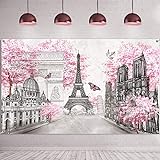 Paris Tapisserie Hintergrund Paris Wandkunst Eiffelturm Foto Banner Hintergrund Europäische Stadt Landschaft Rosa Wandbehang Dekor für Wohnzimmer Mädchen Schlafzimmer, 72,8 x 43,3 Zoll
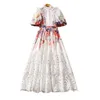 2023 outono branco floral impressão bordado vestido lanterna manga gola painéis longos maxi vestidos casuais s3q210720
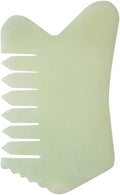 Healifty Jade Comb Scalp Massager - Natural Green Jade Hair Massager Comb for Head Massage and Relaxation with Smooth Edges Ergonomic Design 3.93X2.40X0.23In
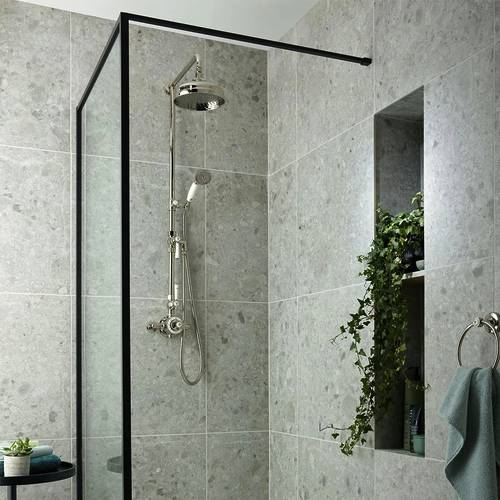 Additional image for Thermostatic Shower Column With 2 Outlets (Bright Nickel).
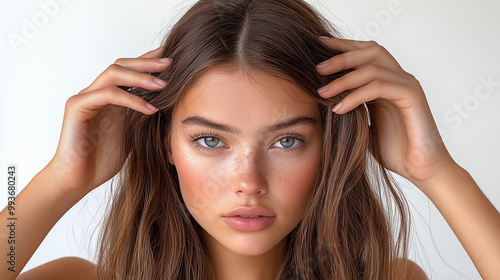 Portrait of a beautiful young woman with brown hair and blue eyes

----

The output has to match the data above line for line, except that pictures are dropped.

 Paris Tapisserie Hintergrund Paris Wandkunst Eiffelturm Foto Banner Hintergrund Europäische Stadt Landschaft Rosa Wandbehang Dekor für Wohnzimmer Mädchen Schlafzimmer, 72,8 x 43,3 Zoll
 2023 outono branco floral impressão bordado vestido lanterna manga gola painéis longos maxi vestidos casuais s3q210720
 Healifty Jade Comb Scalp Massager - Natural Green Jade Hair Massager Comb for Head Massage and Relaxation with Smooth Edges Ergonomic Design 3.93X2.40X0.23In
 Additional image for Thermostatic Shower Column With 2 Outlets (Bright Nickel).
 Portrait of a beautiful young woman with brown hair and blue eyes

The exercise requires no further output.